▶ _COLLECTED MATERIAL_
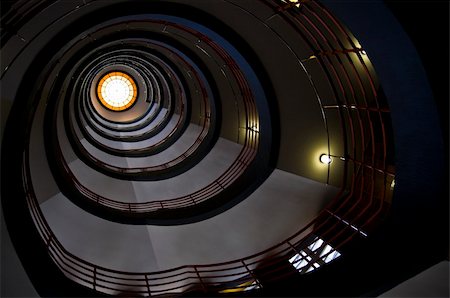looking upwards in a beautiful old spiral staircase Foto de stock - Super Valor sin royalties y Suscripción, Código: 400-05159838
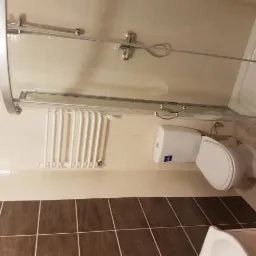 Nowoczesna łazienka z kabiną prysznicową z przesuwnymi drzwiami, białą toaletą z niebieskim logo producenta, grzejnikiem drabinkowym i brązowo-białymi płytkami.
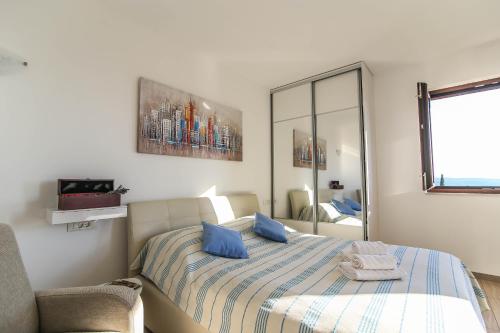 Un dormitorio con una cama con almohadas azules y una silla en Rural Accommodation Veselic, en Pridvorje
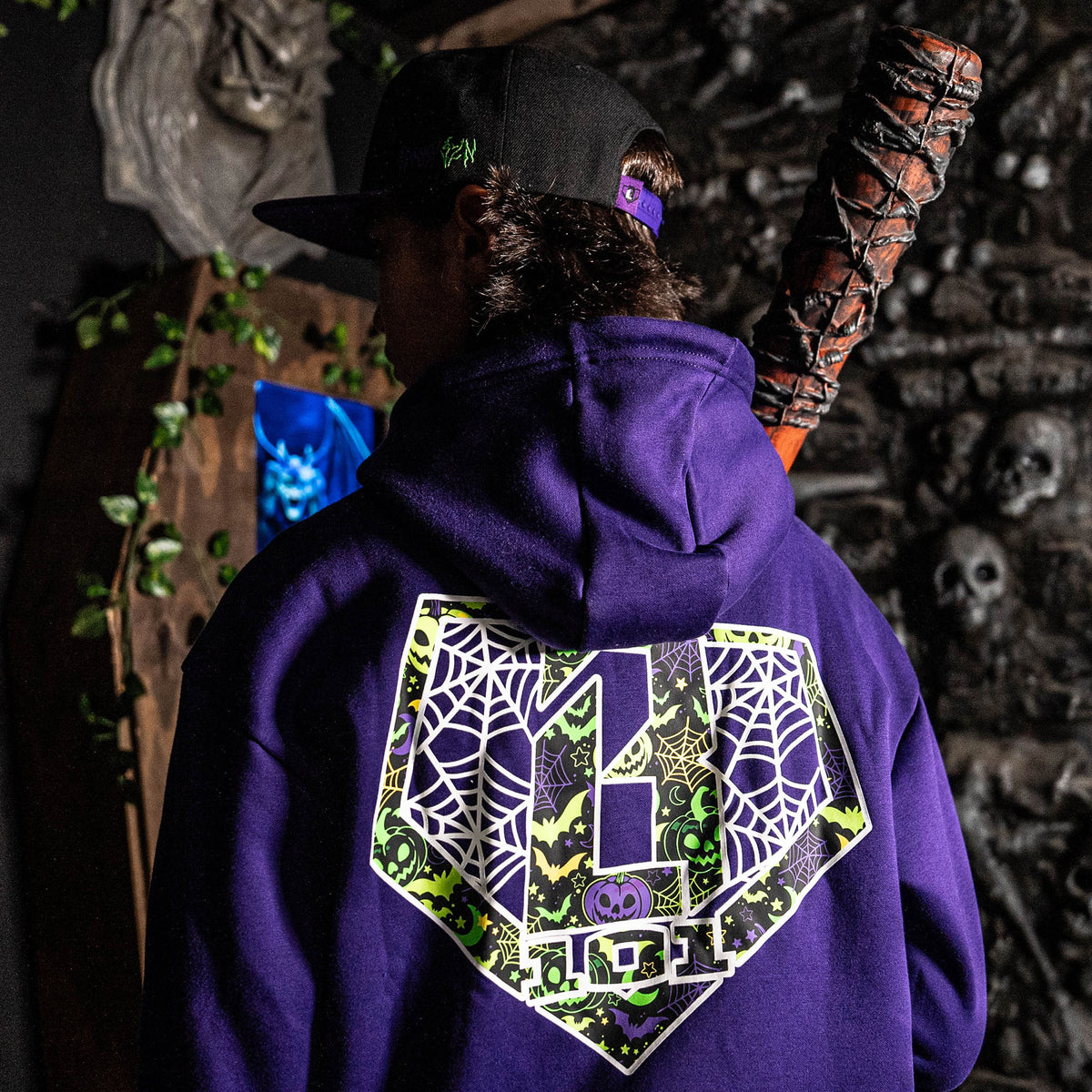 Adult model wearing hoodie with “BL101 Spiderweb” design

▶ _EXERCISE GOAL_
Take the lines from the start of the listing above through the line with "Un dormitorio con", both ends included, and copy them exactly, leaving the pictures behind.

▶ _ANSWER BOX_
looking upwards in a beautiful old spiral staircase Foto de stock - Super Valor sin royalties y Suscripción, Código: 400-05159838
 Nowoczesna łazienka z kabiną prysznicową z przesuwnymi drzwiami, białą toaletą z niebieskim logo producenta, grzejnikiem drabinkowym i brązowo-białymi płytkami.
 Un dormitorio con una cama con almohadas azules y una silla en Rural Accommodation Veselic, en Pridvorje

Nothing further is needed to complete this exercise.